In effetti, è una sola la circostanza che impedisce l’incriminazione di Berlusconi per quel reato. L’apologia, per essere punibile, deve riferirsi specificamente ad un fatto che di per sé costituisce reato, e che nell’affermazione incriminata viene esaltato. Ma qui il fatto esaltato, stando al linguaggio usato da Berlusconi, è unicamente il non essersi Mangano “inventato” il nome del Cavaliere come di personaggio colluso con la mafia. Fatto che di per sé (il "non inventarsi") per ovvi motivi non può costituire reato.

Nemmeno può dirsi che con quelle affermazioni Berlusconi abbia esaltato la mafiosità di Mangano, quindi il reato di associazione di tipo mafioso (art. 416 bis del codice penale). La qualifica di “eroe” che Berlusconi conferisce a Mangano riguarda, almeno formalmente, il non averlo accusato di mafiosità, non i trascorsi mafiosi dello “stalliere di Arcore”.
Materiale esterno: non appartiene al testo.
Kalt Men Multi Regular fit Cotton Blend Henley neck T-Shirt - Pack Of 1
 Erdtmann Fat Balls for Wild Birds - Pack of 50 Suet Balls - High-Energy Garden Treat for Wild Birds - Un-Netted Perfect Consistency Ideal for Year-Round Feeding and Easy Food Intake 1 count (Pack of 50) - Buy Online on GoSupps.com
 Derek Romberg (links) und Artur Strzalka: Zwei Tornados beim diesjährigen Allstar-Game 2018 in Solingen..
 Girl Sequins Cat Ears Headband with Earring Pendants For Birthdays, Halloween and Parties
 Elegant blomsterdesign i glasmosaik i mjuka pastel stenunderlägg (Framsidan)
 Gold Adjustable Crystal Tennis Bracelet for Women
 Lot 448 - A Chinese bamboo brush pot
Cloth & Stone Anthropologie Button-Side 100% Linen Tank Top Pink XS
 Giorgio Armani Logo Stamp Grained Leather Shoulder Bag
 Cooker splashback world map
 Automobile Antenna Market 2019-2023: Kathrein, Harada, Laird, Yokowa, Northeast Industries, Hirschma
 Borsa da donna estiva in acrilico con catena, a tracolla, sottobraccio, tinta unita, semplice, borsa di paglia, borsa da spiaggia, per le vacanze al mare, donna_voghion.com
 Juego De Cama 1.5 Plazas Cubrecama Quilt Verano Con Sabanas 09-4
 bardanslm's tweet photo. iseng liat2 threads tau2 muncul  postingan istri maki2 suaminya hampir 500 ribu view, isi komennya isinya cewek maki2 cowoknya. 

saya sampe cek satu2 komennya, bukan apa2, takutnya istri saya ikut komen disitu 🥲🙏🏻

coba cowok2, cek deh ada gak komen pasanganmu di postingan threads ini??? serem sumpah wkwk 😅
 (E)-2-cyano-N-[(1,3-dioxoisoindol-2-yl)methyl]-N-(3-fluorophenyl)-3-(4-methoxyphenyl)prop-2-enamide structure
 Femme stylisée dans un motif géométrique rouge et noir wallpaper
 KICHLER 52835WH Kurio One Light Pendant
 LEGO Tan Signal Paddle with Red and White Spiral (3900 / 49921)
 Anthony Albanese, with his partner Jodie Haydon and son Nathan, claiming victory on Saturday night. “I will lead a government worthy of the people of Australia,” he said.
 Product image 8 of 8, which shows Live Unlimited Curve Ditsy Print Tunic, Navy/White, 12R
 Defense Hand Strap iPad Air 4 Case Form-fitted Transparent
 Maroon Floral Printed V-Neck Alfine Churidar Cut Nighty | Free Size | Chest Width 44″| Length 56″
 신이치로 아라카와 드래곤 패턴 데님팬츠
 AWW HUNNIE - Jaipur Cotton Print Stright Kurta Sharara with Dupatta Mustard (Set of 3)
Ma nelle affermazioni di Berlusconi è presente il secondo requisito che la giurisprudenza richiede per la sussistenza del reato di apologia: la possibilità che le affermazioni esercitino una forma di suggestione che possa stimolare la commissione di reati simili a quello oggetto di esaltazione. Non c’è dubbio, infatti, che qualificare pubblicamente “eroe” un uomo riconosciuto come mafioso suoni per molti come stimolo a partecipare ad associazioni di tipo mafioso. Sotto questo aspetto, assume grande importanza quanto detto dalla Corte di Cassazione: “un pericolo concreto per la sicurezza pubblica sussiste in misura maggiore quando il discorso apologetico incide su specifiche situazioni o su ambienti non refrattari a recepire l’impulso istigatorio” (Cass. n. 11578/1997).

E se si pensa che quelle affermazioni provengono dal leader del maggior partito rappresentato in Parlamento e proprietario di tre reti televisive a diffusione nazionale, e che quelle affermazioni sono state fatte a poche ore dalle elezioni, si capisce come qui l’impulso istigatorio di cui parla la Suprema Corte ponga seri problemi di ordine pubblico, soprattutto con riferimento ai più giovani. Tecnicamente le affermazioni di Berlusconi costituiscono una sorta di apologia subliminale del delitto di associazione di tipo mafioso. Non sono punibili solo perché il vincolo mafioso non viene da Berlusconi esaltato espressamente. Ma certamente vanno accolte con grande sforzo e raro imbarazzo sotto l’ombrello protettivo dell’art. 21 Cost.